To better understand the concept of “things,” consider a modern smart home. With the proper equipment, a home network, and an internet
connection, you can do things like adjust your thermostat when you aren’t even at home, or maybe unlock the front door from work for your spouse who forgot their keys. These are examples of the Internet of Things, or IoT.
The “things” involved would be your home thermostat and front door lock. You wouldn’t think of these things being able to connect to the internet, but new technology, including sensors and software, have made it possible.
IoT, in turn, is what made the field of telematics possible.
What is Telematics?
Telematics is a subset of IoT that transmits data back to a company or organization for further analysis. The term “telematics” is typically applied to data about vehicles, and is commonly used with fleets of vehicles, whether that fleet consists of automobiles, trucks, buses, or heavy equipment. These vehicles or machines are “things” in IoT that provide data to be transmitted over the Internet.

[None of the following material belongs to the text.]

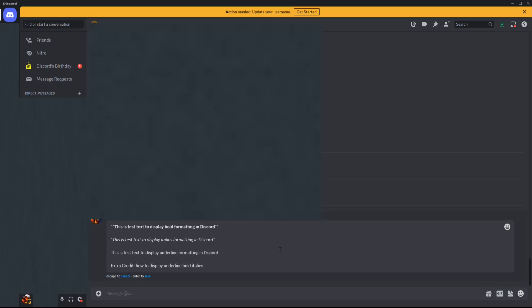And then for underline we're going to do two of these underline bars and you'll find this on your keyboard. It's sharing the same key as the minus or the dash sign, and you can see that this is going to put an underline under that text.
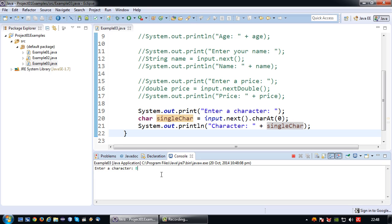If I key in a character I'm asked for a character and I say Ben. What will actually happen is that the input Ben will be accepted but the first character will be retrieved.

Telematics is being used by more and more companies that operate fleets of heavy equipment because, when used correctly, it provides a great deal of useful data. That data, in turn, can be used to inform key decisions regarding contracts, maintenance, and policies.
The data that telematics transmits can be quite extensive, but there are three items of data that just about every telematics package is going to provide: location, run time, and fuel consumption.

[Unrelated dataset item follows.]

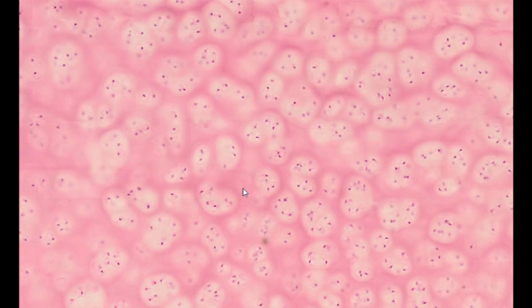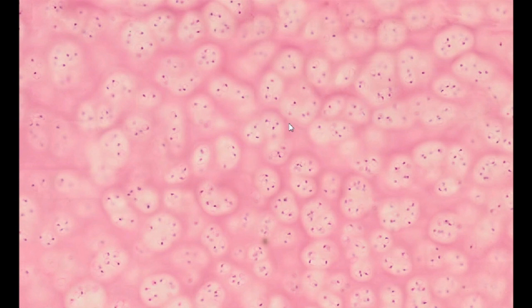The distribution of fibers and matrix in the hyaline cartilage is well organized. The intercellular substance that directly surrounds the lacuna is called the cartilage capsule. It is characterized by strong basophilicity, which enables the identification of the cartilage capsule in the presented staining.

Like most raw data, this doesn’t sound like much. It’s what you do with this data that makes it powerful and valuable. From location data you can detect equipment theft or misuse, figure out how many cycles it takes to complete a certain job, or tell a technician where to find a certain piece of equipment that is located in the maze of a massive construction site.
Heavy Equipment Moving Forward with Telematics
The IoT is expanding every day, with more and more items being added, better sensors being developed, and more effective means of transmitting data evolving. That means that telematics is constantly expanding, and if you aren’t informed on the subject it’s time to start learning.